Along the way, I asked those we met, "What book from your childhood do you remember reading?"
Her cousins (ages 65-78) - I don't remember being read to ever. I don't remember my school having a library. But I always read to my grandkids.
Her granddaughter (my daughter, age 26) - As a young child, Dr. Seuss books, then Harry Potter. Also, the Alanna series by Tamora Piece.
Her 3rd grade friend - "I read Seventeenth Summer in my childhood. I was just sharing an idea from that book with my granddaughter who was sad to breakup with a boy. I told her that book taught me:
"Men are like streetcars. If you miss one, another will be along in 5 minutes" !!
Afterwards, I did a little research on my mom's 3rd grade friend's favorite book while growing up. It was published in 1942, written by Maureen Daly when she herself was age 17 and it was published while she was in college. Wikipedia states: "Some critics claim that the modern period of young adult literature is often said to have begun with Seventeenth Summer. Daly is a teen writing for teens and her work influenced other writers to write specificially with the young adult audience in mind." And now our libraries often have a Young Adult section. I never thought about a time before such books existed but now I know the book that started this genre!
I was able to download this 1942 classic book to my kindle and read it this weekend. I thoroughly enjoyed meeting Angeline "Angie" Morrow the summer following her high school graduation and preceding leaving home for college, the summer she dates Jack Duluth.
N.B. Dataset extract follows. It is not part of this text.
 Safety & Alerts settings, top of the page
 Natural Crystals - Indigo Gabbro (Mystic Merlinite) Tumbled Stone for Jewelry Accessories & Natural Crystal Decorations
One theme of the book was the growth of love between the main characters. I especially liked how Maureen Daly described the setting so beautifully throughout the book to masterfully match the amount of affection felt between Angie and Jack. The book was divided into three chapters - June, July and August. Here's a glimpse at her setting descriptions -
from the June chapter:
It was just after nine o'clock and I was in the garden picking small round radishes and pulling the new green onions for dinner at noon. I remember it was a warm day with a blue and white sky. The garden was still wet with last night's rain and the black earth was steaming in the sun, while between my toes the ground was soft and squishy - I had taken off my shoes and left them on the garden path so they wouldn't get caked with mud - and I remember thinking how much fun it would be to go barefoot all the time. The little tomato plants laid flat against the ground from last night's downfall and there were puddles like blue glass in the hollows. A breeze, soft with a damp, fishy smell, blew in from Lake Winnebago about three blocks away. I was so busy thinking about the weather, the warm sun, and the sleek little onions that I didn't even hear Jack come up the back sidewalk.
from the July chapter:
We took the longest way, the way that goes through the park and along the edge of the lake where the small boats moored at the shore dip in rhythm with the waves and the blue water is spangled with sunlight. And down the long thin highway toward the country, passing cars with their windows glinting with sun, to the curved gravel road with scum-covered water in its ditches, growing with tall heavy-headed cattails and slim purple iris. Farther on the air is honeyed with the clean, sweet smell of clover and the willow trees shake their varnished leaves till they glitter in the sunlight.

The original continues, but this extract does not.